Nursing Elites

1. Which of the following expressions represents the sum of three times a number and eight times a different number?

• A. 3x + 8y
• B. 8x + 3x
• C. 3x - 8y
• D. 8x - 3y

Correct answer: A

Rationale: The correct expression for the sum of three times a number and eight times a different number is given by 3x + 8y. This represents adding three times the variable x (3x) to eight times the variable y (8y). Choice B (8x + 3x) is incorrect as it represents adding eight times x to three times x, which is redundant. Choice C (3x - 8y) is incorrect because it represents subtracting eight times y from three times x, not their sum. Choice D (8x - 3y) is also incorrect as it represents subtracting three times y from eight times x, not their sum.

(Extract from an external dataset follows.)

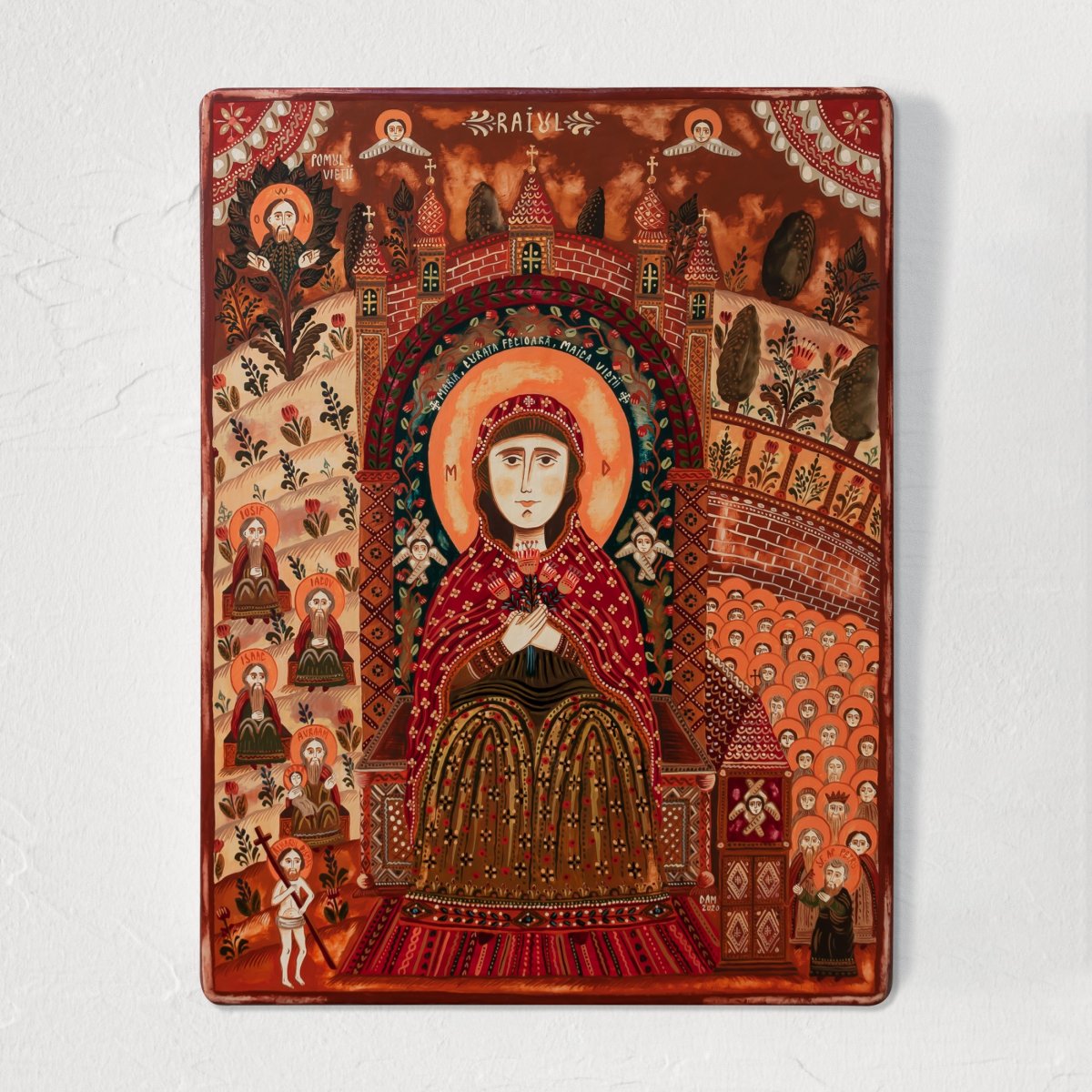 Wood icon, "Virgin Mary in Heaven", Hand painted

2. What is the perimeter of a square with a side length of 6 cm?

• A. 24 cm
• B. 12 cm
• C. 18 cm
• D. 36 cm

Correct answer: A

Rationale: The perimeter of a square is calculated by multiplying the side length by 4 since all sides are equal. In this case, the side length is 6 cm, so the perimeter is 4 * 6 = 24 cm. Therefore, choice A, 24 cm, is the correct answer. Choices B, C, and D are incorrect because they do not reflect the correct calculation for the perimeter of a square.

3. Which of the following describes a graph that represents a proportional relationship?

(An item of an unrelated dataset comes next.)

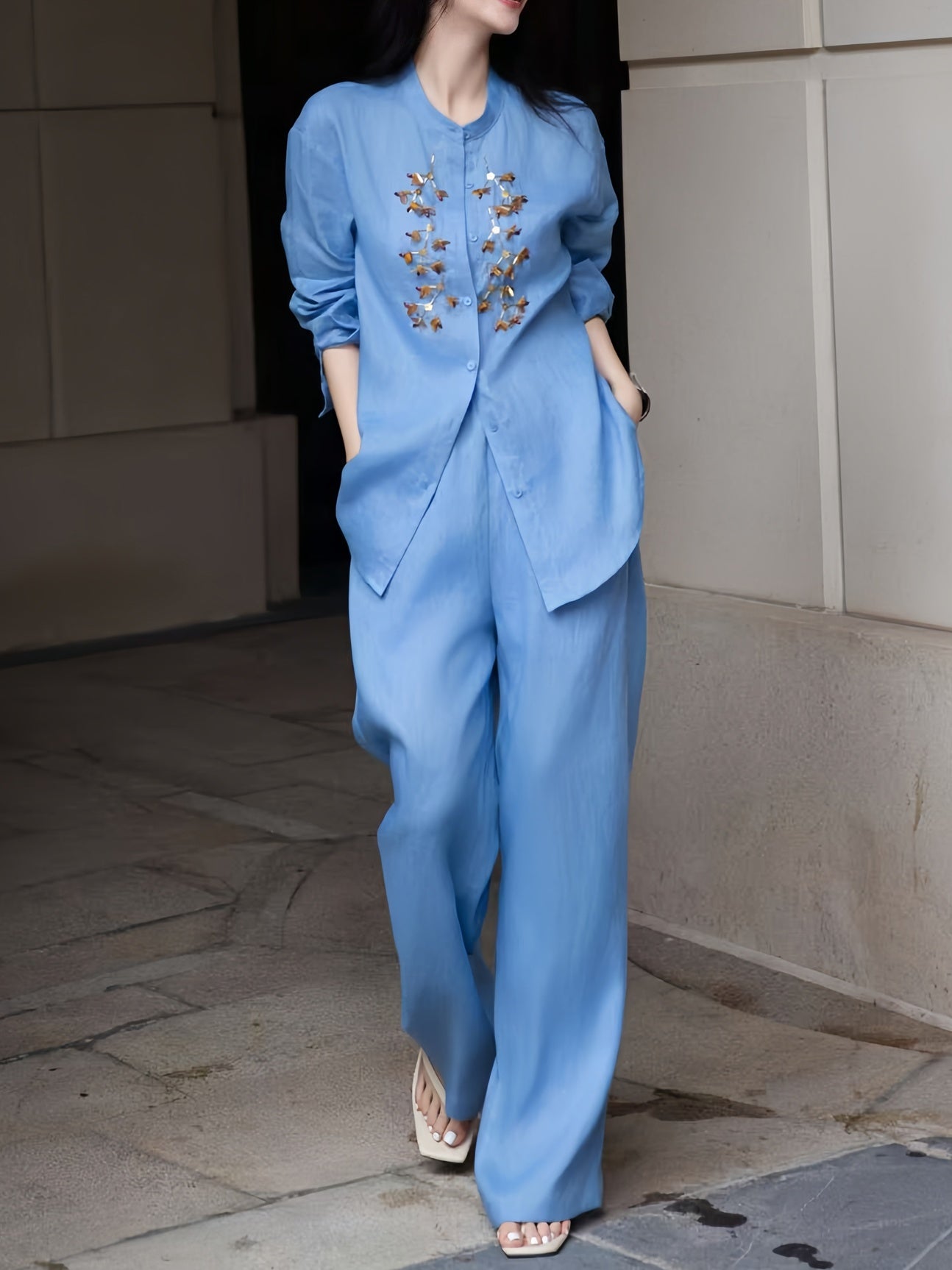 Linen Hand-Beaded Shirt + Pants Old Money Style Two-Piece Set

• A. The graph has a slope of 2,500 and a y-intercept of 250
• B. The graph has a slope of 1,500 and a y-intercept of -150
• C. The graph has a slope of 2,000 and a y-intercept of 0
• D. The graph has a slope of -1,800 and a y-intercept of -100

Correct answer: C

Rationale: A graph that has a y-intercept of 0 indicates a proportional relationship because the starting value is 0, and no amount is added to or subtracted from the term containing the slope. In this case, choice C is correct as it has a y-intercept of 0, which aligns with the characteristics of a proportional relationship. Choices A, B, and D have non-zero y-intercepts, indicating a starting value other than 0, which does not represent a proportional relationship.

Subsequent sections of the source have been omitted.